A comissão ouve hoje o fundador e ex-presidente do Conselho de Administração da Reag Investimentos, João Carlos Falbo Mansur. Acompanhado de seu advogado, ele informou que permaneceria em silêncio durante a sessão, amparado por decisão do ministro do Supremo Tribunal Federal (STF) Flávio Dino.
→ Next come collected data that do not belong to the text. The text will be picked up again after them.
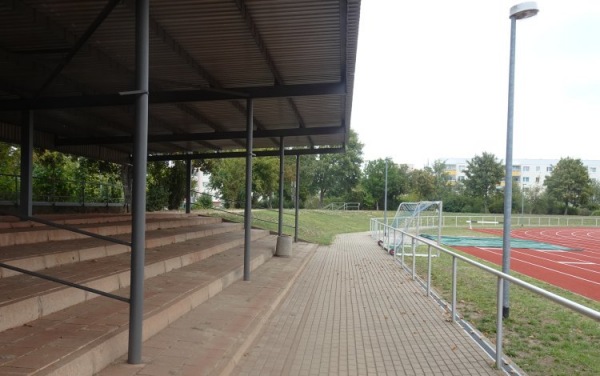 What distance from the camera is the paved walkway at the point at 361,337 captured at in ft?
Result: 16.5

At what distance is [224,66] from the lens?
830 centimetres

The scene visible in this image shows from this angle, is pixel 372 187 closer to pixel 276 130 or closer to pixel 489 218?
pixel 489 218

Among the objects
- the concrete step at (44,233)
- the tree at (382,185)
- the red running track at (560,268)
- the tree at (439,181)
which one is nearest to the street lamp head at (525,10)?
the red running track at (560,268)

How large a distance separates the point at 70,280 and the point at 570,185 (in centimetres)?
8682

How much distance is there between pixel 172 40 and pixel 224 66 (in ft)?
4.28

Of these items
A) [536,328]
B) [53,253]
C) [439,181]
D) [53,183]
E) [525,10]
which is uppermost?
[525,10]

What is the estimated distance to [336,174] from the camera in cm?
8262

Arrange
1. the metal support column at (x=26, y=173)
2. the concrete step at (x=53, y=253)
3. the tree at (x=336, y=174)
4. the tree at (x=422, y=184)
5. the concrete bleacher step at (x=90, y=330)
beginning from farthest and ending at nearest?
the tree at (x=336, y=174) < the tree at (x=422, y=184) < the metal support column at (x=26, y=173) < the concrete step at (x=53, y=253) < the concrete bleacher step at (x=90, y=330)

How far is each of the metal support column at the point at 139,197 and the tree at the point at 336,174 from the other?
76.4m

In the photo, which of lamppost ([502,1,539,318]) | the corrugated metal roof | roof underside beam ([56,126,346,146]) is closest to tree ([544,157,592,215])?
roof underside beam ([56,126,346,146])

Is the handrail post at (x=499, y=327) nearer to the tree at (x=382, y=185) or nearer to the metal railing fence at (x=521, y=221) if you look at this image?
the metal railing fence at (x=521, y=221)

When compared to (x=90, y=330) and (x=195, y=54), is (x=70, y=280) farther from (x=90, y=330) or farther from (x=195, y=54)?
(x=195, y=54)

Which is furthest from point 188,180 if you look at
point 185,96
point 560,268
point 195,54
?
point 560,268

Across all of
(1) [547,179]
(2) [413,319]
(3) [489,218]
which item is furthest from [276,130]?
(1) [547,179] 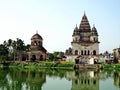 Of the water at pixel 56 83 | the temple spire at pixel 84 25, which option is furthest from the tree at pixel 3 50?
the water at pixel 56 83

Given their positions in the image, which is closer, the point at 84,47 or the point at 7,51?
the point at 84,47

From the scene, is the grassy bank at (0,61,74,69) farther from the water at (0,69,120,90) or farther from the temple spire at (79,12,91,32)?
the water at (0,69,120,90)

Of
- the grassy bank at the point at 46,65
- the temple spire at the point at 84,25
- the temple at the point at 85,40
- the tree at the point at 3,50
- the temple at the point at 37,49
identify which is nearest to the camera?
the grassy bank at the point at 46,65

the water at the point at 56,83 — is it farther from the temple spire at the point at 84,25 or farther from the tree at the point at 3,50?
the tree at the point at 3,50

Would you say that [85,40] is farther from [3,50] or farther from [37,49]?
[3,50]

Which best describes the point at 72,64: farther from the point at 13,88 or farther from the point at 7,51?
the point at 13,88

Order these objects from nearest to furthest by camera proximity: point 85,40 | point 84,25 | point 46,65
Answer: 1. point 46,65
2. point 85,40
3. point 84,25

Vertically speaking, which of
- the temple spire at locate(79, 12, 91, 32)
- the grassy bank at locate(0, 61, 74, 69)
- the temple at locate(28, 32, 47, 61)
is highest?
the temple spire at locate(79, 12, 91, 32)

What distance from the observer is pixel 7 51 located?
82.6 meters

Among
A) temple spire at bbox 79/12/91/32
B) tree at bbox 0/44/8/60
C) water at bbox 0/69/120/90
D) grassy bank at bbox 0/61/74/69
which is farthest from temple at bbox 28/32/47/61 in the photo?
water at bbox 0/69/120/90

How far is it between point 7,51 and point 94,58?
2600 cm

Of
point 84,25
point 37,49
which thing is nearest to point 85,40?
point 84,25

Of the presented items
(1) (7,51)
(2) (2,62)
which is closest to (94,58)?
(2) (2,62)

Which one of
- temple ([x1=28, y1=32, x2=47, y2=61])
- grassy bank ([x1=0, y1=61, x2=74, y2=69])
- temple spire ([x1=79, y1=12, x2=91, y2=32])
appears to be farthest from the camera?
temple ([x1=28, y1=32, x2=47, y2=61]) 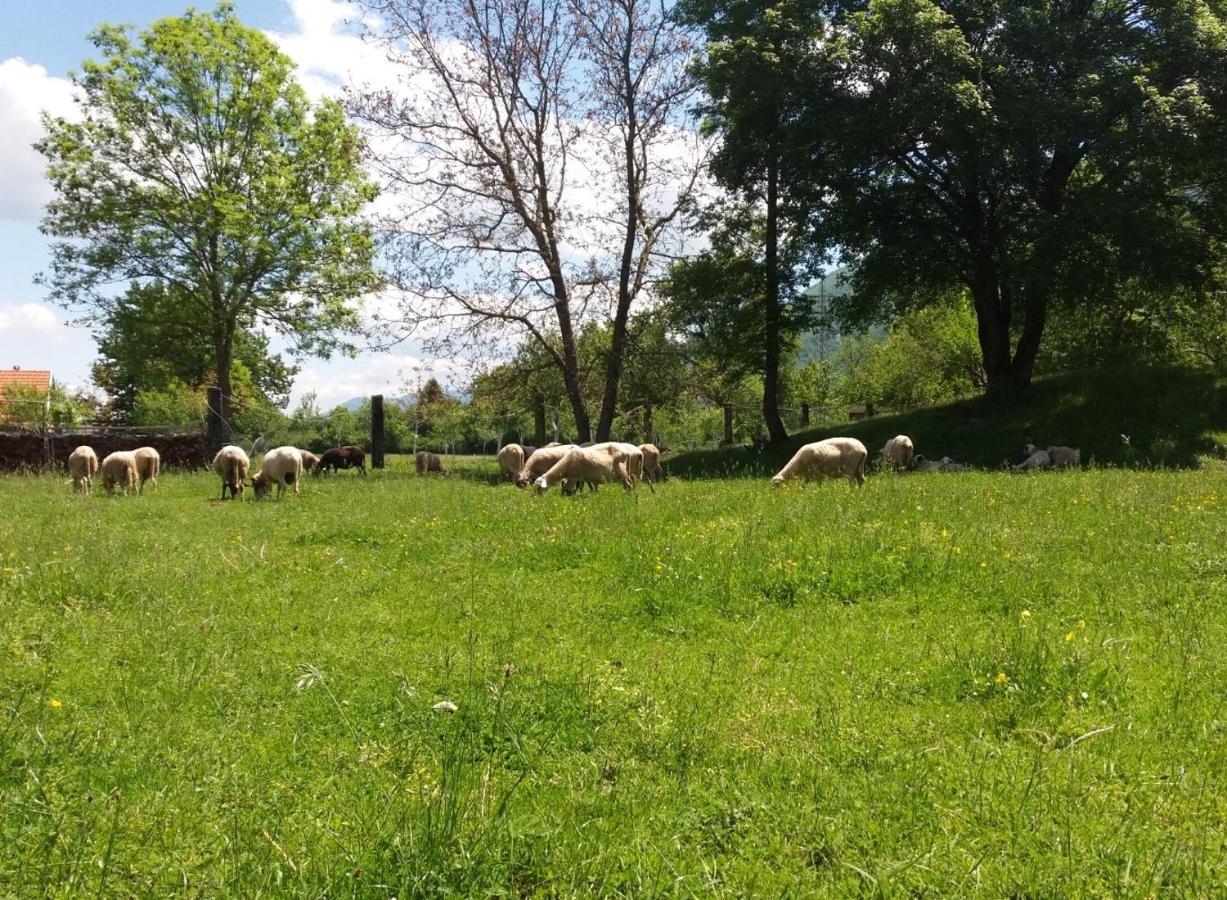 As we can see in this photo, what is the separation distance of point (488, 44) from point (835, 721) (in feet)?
89.2

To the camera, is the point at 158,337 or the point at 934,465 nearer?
the point at 934,465

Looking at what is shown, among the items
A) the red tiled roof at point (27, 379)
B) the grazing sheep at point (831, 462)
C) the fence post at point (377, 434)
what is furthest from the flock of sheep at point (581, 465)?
the red tiled roof at point (27, 379)

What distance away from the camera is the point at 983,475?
1652 centimetres

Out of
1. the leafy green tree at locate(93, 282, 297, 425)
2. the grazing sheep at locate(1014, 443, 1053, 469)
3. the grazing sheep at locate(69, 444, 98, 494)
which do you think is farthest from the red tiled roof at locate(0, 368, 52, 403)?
the grazing sheep at locate(1014, 443, 1053, 469)

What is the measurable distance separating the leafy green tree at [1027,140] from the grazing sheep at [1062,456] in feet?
14.9

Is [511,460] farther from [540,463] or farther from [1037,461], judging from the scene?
[1037,461]

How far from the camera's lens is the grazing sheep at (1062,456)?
19719 millimetres

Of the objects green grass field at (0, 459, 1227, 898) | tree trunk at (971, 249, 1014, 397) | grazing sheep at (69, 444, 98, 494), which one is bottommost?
green grass field at (0, 459, 1227, 898)


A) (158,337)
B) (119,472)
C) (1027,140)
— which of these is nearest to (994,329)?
(1027,140)

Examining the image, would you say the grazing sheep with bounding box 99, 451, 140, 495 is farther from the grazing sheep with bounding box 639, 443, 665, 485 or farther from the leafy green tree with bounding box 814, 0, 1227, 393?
the leafy green tree with bounding box 814, 0, 1227, 393

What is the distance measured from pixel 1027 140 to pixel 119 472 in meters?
25.1

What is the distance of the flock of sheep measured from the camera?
1614 cm

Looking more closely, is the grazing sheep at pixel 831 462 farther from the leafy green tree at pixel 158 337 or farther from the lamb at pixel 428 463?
the leafy green tree at pixel 158 337

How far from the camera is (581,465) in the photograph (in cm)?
1680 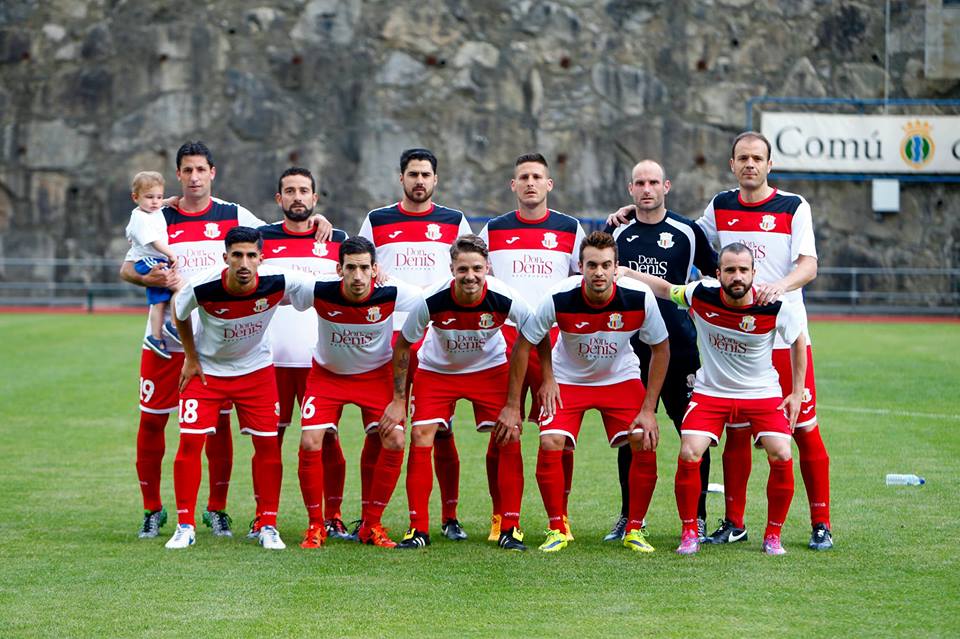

Diante da postura do depoente, o vice-presidente da CPI, senador Hamilton Mourão (Republicanos-RS), afirmou que havia “preparado questionamentos” relacionados à transparência das operações, à governança e à relação institucional entre o banco investigado e a gestora. Como Mansur optou por não responder às perguntas, o parlamentar decidiu não prosseguir com a arguição.
A pauta da comissão também inclui a análise de requerimentos. Entre eles, estão pedidos de convocação do ex-diretor de fiscalização do Banco Central Paulo Sérgio Neves de Souza e do ex-servidor da instituição Belline Santana. Todos foram alvos de operação da Polícia Federal no âmbito das investigações envolvendo o Banco Master.
O colegiado tenta avançar nas apurações sobre o caso do Master, mas tem enfrentado dificuldades para ouvir personagens centrais da investigação.